The central bank, the Reserve Bank of India, acknowledged that concern but said it had to act to make sure the economy did not suffer long-term damage from rising prices; the central bank said it expected the economy to grow 8 percent, down from 8.6 percent in the previous year.

That slower growth will make it harder for India, the second fastest growing major economy in the world, behind China, to pull hundreds of millions of people out of poverty. And it will most likely exacerbate the Indian government’s already large fiscal deficit.

India has been struggling to control rising prices over the past year, especially for food and energy. But in recent months the cost of other goods has also jumped, raising concern that the Indian economy is overheating. In March, the country’s benchmark wholesale price index jumped 9 percent and a consumer price index for industrial workers was up 8.8 percent.

On Tuesday, the bank raised its repo rate at which it lends money to banks one-half percentage point, to 7.25 percent. Most analysts had expected an increase of 0.25 point, which would have been in keeping the modest increases the central bank has been making in the past year. The central bank also raised rates on bank savings accounts by one-half point, to 4 percent.

Including the most recent increase, the central bank has raised the repo rate 4 percentage points in the past year. The governor of the central bank, Duvvuri Subbarao, said the bank was willing to risk slowing the economy in the short run to prevent inflation from damaging the longer-term prospects for growth.

“Current elevated rates of inflation pose significant risks to future growth,” Mr. Subbarao said in a statement. “Bringing them down, therefore, even at the cost of some growth in the short-run, should take precedence.”

Even before this most recent interest rate increase, India’s economy had been slowing down in recent months because of a drop in private investment by domestic and foreign companies. Now, analysts say they expect growth to slow faster, even as inflation remains high.“In the near term, it’s going to be a difficult adjustment for the economy,” said Sonal Varma, an economist at Nomura Securities in Mumbai. “That is the sacrifice that the R.B.I. is making.”

The central bank’s more aggressive stance on inflation will most likely increase pressure on the government to implement structural policy changes and increase investment in infrastructure.

For instance, Indian officials have long discussed changes to improve productivity and reduce waste in its agricultural sector, where more than half of its people work.

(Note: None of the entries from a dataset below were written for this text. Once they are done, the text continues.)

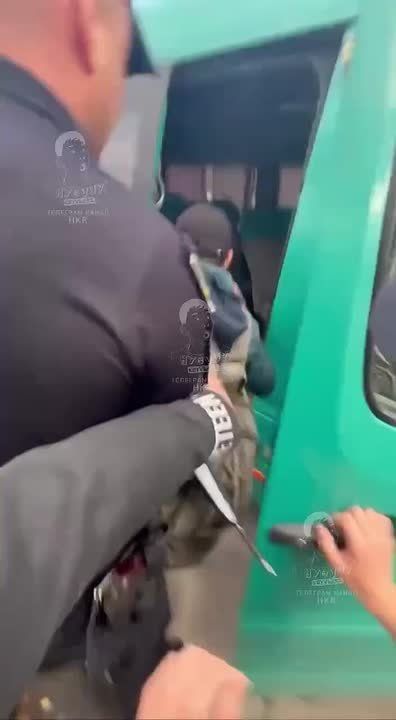 Обстановка на Украине: ТЦК "бусифицировал" парня прямо на остановке, а в Одессе мужику удалось сбежать благодаря женской смекалке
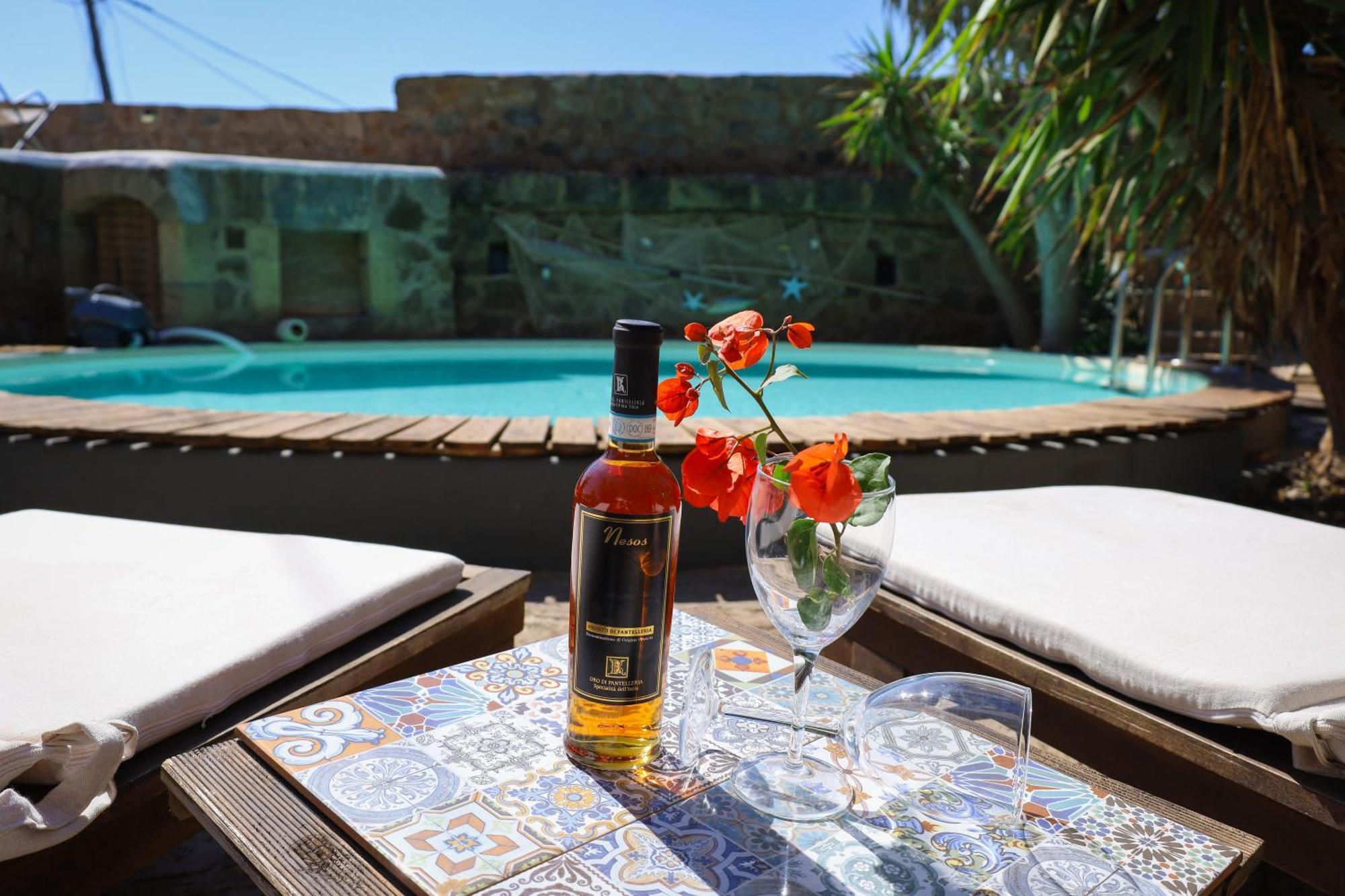 Cactus B&B Le Casette Di Marilena 판텔레리아 외부 사진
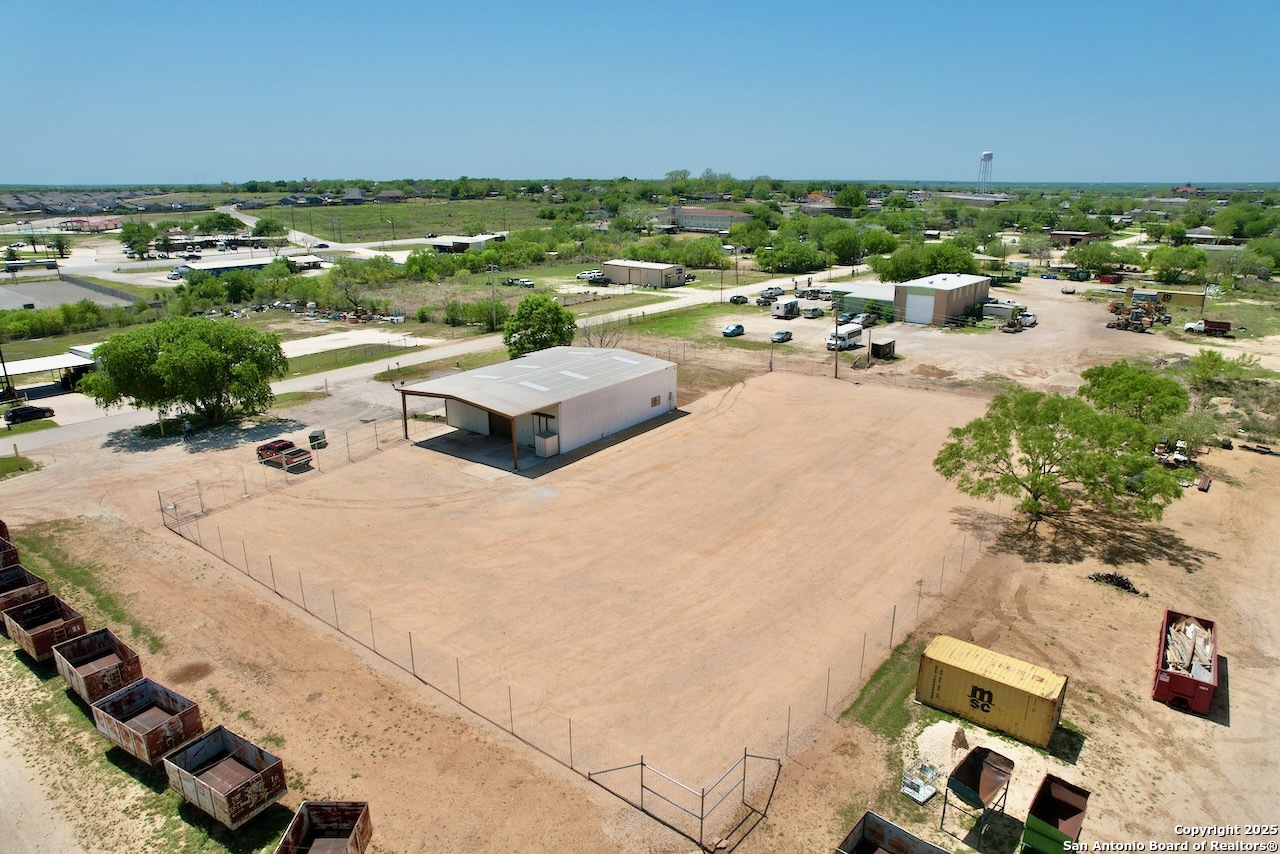 main property photo 24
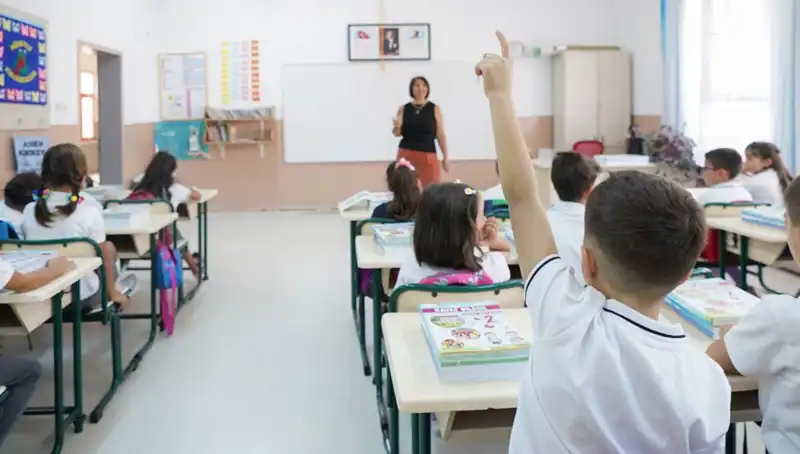 Öğretmenlerin Ek Ders Ödemeleri Bayram Öncesi Ne Zaman Yatacak?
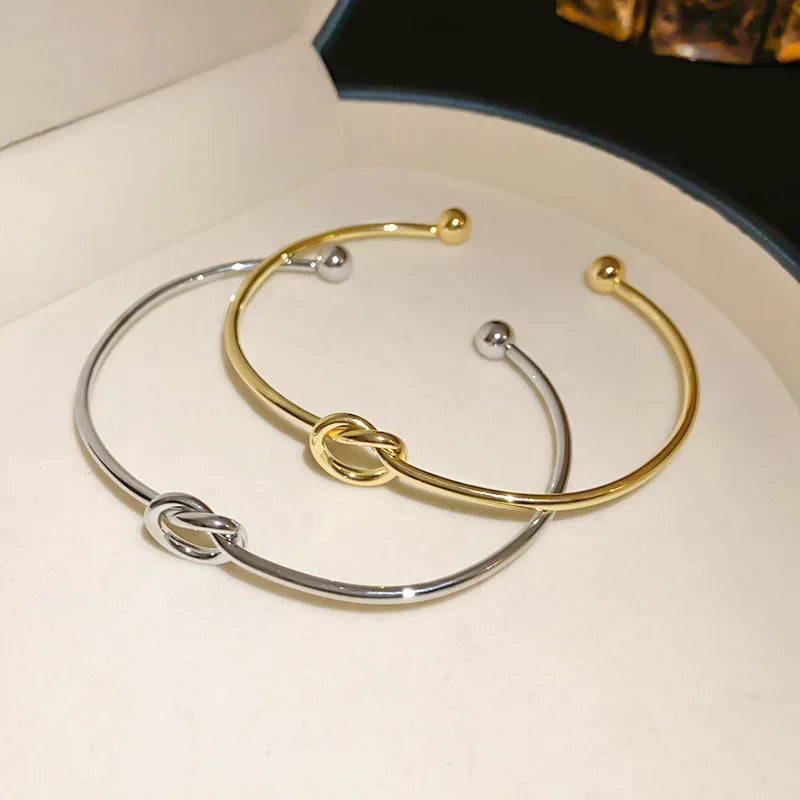 Gold Stainless Steel Sculptural Cuff Bracelet – Minimalist Statement Jewelry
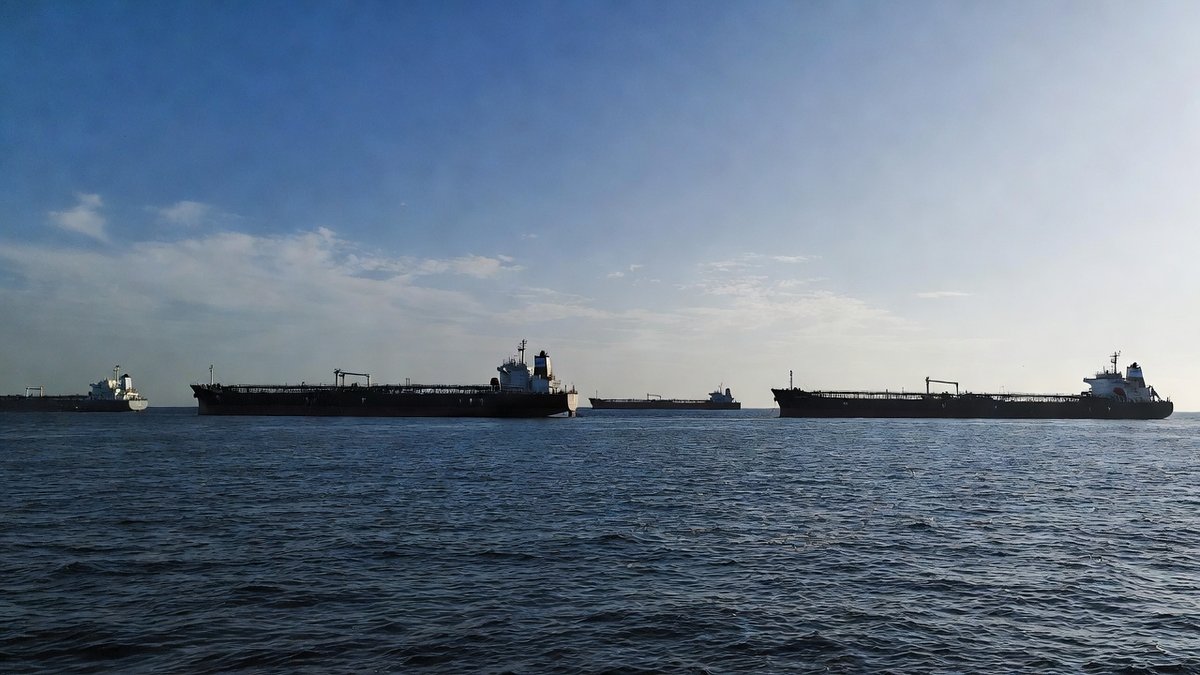 121 Empty Oil Tankers Head to U.S. as Trump Urges Nations Hit by Hormuz Crisis to Buy American Energy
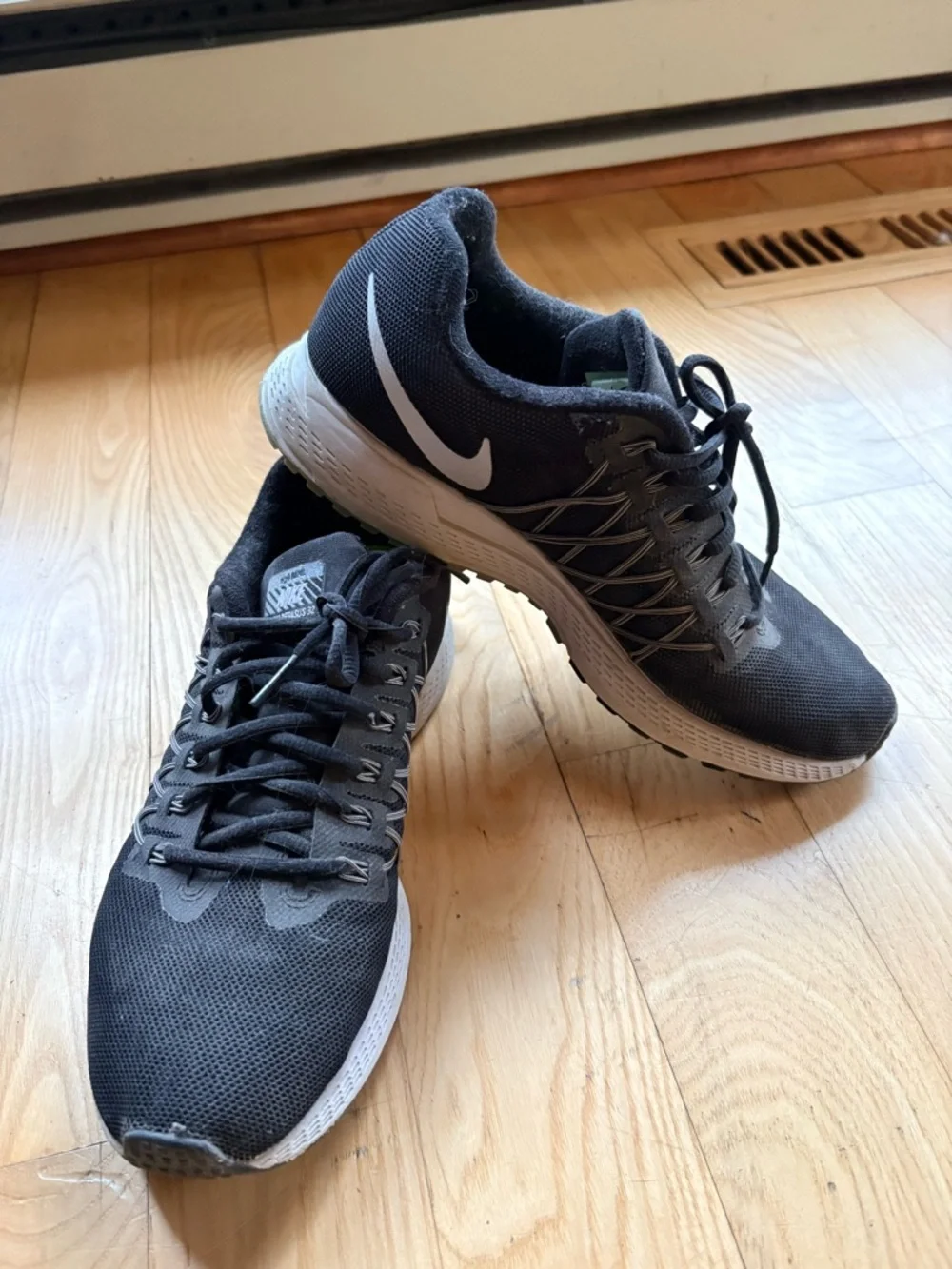 Nike Zoom Pegasus 32 Women’s reflective shoe - Picture 2 of 4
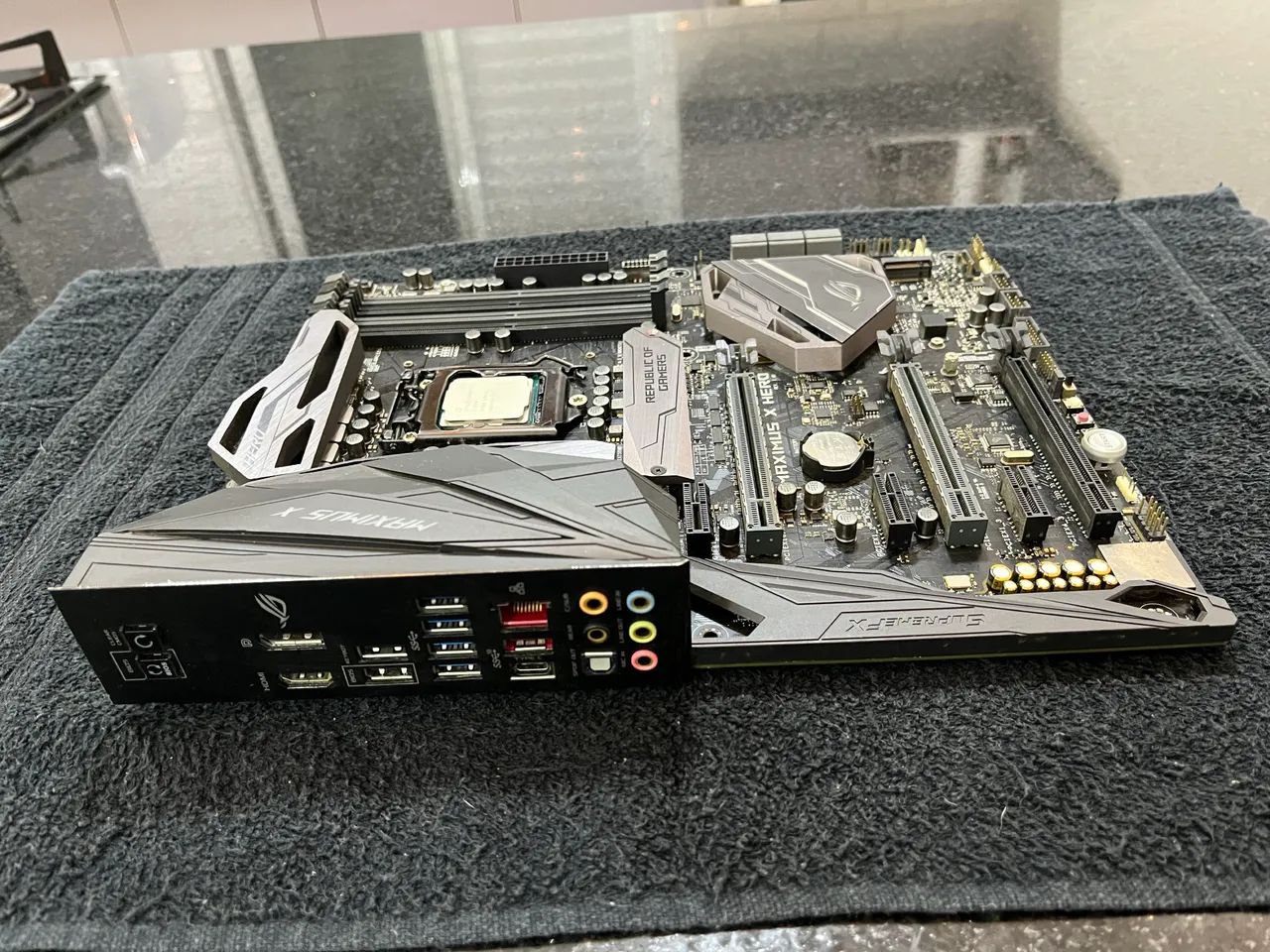KIT GAMER - i7-8700 + ROG MAXIMUS X HERO Z370 - Peças de Hardware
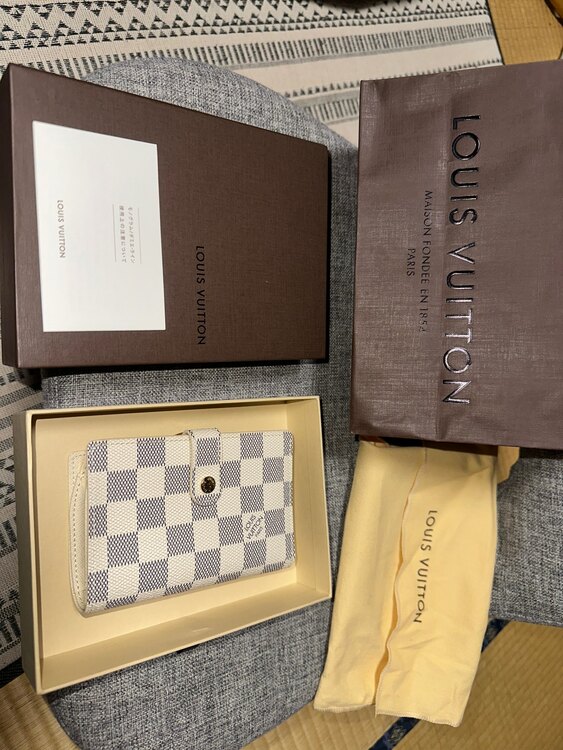 ルイヴィトン ポルトフォイユ・ヴィエノワイニシャル入り（ブランド財布・小物）の商品画像 - 査定依頼日：2025年4月30日 - 最高査定価格：8,000円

But the government has been reluctant to implement many of those changes because they are politically unpalatable.

“There are a whole gamut of administrative measures that are needed to bring down structural inefficiencies in the system to bring down inflation,” said Samiran Chakraborty, head of research at Standard Chartered Bank in Mumbai. “As long as those measures are not taken, monetary policy has to do double duty.”

Separately, the central bank announced new rules for the country’s troubled microfinance companies, which saw a sharp drop in loan repayment rates in a large south Indian state last year after politicians accused lenders of driving some borrowers to suicide. The central bank imposed an interest rate cap of 26 percent on new micro loans and limited loans to no more than 50,000 rupees ($1,125) per family. The rules also allow borrowers to choose how they want to repay loans – weekly, every two weeks or monthly.